The morning of the event
Don’t swim on empty. Even if you feel nervous, make breakfast happen. Stick to easily digested foods – cereal with milk, porridge, banana with yoghurt, some fruit or toast with jam. If you’re really struggling, try liquid meals such as milkshakes, yoghurt drinks or a smoothie.

It’s a good idea to rehearse your competition meal routine in training so you know exactly what agrees with you.
Snacks between heats
Try to eat as soon as possible after your swim to give yourself as long as possible to recover if you have to swim again. High fat and simple sugar foods will do you no favours in competition – instead search out complex carbohydrates .
If you can’t stomach anything solid try sports drinks, flavoured milk or diluted juice that will help replenish your energy supplies and assist the recovery of aching muscles.

The list below offers great food options to be snacking on in and around training for a competition. Remember to keep eating healthy foods from your regular diet though, such as fresh vegetables, nuts and fruits.

Here are some more you can try:

  • Water, diluted fruit juice with a pinch of salt or a sports drink
  • Pasta salad
  • Plain sandwiches e.g. chicken, tuna, cheese with salad, banana, peanut butter
  • Bananas, grapes, apples, plums, pears
  • Dried fruit e.g. raisins, apricots, mango
  • Smoothies
  • Crackers and rice cakes with bananas and/or honey
  • Mini-pancakes, fruit buns
  • Cereal bars, fruit bars, sesame snaps
  • Yoghurt and yoghurt drinks
  • Small bags of unsalted nuts e.g. peanuts, cashews, almonds
  • Prepared vegetable crudités e.g. carrots, peppers, cucumber and celery

Cool-down after Competing

Swimming at high intensities, such as during racing and tough sets, can cause metabolites like inorganic phosphate, ADP, hydrogen ions, and of course, lactate to accumulate in the muscles. A build-up of these metabolites is associated with conditions that can compromise the next swimming performance.

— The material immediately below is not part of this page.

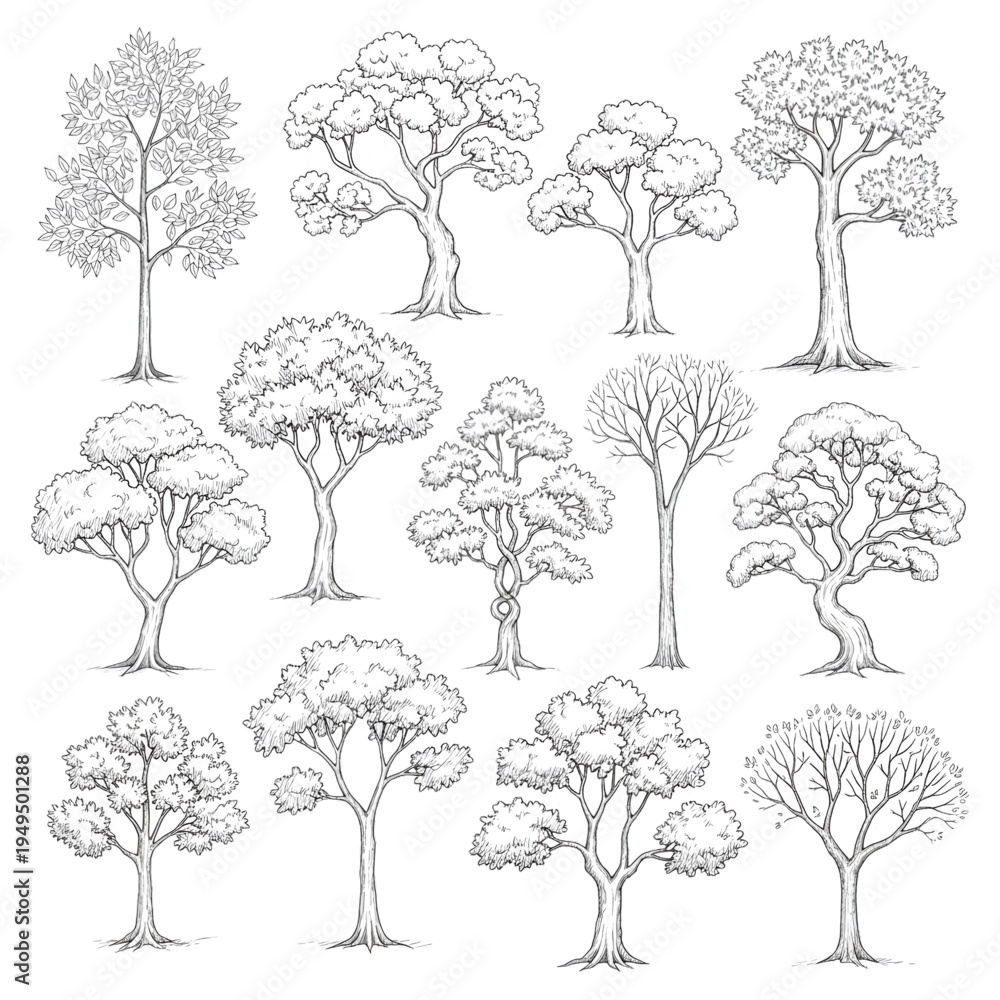 Fototapeta premium Detailed Foliage and Trunk Texture Sketches, Hand Drawn Botanical Tree Illustrations with Realistic Bark and Leaf Patterns Vector Set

Cool down (active recovery) facilitates the removal/ utilisation of lactate after a race or tough set. The intensity of the cool down influences how quickly this removal/utilisation of lactate occurs. Too high an intensity may produce additional lactate, while too low an intensity may not create enough circulation to remove/utilise the lactate any faster than standing around would (passive recovery).

Because sprinters tend to have and engage more fast-twitch muscle fibres than distance swimmers, they tend to produce larger amounts of lactate than distance swimmers. This also means that it tends to take longer for sprinters to remove/utilise accumulated lactate after races and other tough swims.

At competitions where a warm down pool is not available, swimmers should complete their active recovery on land.

This should include active stretching, light jogging, arm rotations and/or other land-based exercises that engage the same muscle groups used during the swim. Even on land, this type of activity increases the blood circulation and removes/utilises metabolites faster than passive recovery alone.

Selecting Events

As a general rule of thumb we recommend that each swimmer should enter a maximum of 2 events per session, not including relays. Multi event and distance swimmers would be able to enter more, but remember we are looking for quality swims.

The number of competitions should not exceed 12 per year. Ideally one competition should be entered per month. Please be guided by the list of targeted meets set by your squad coach. The coach is working to a plan that will get the best results so if in doubt ask!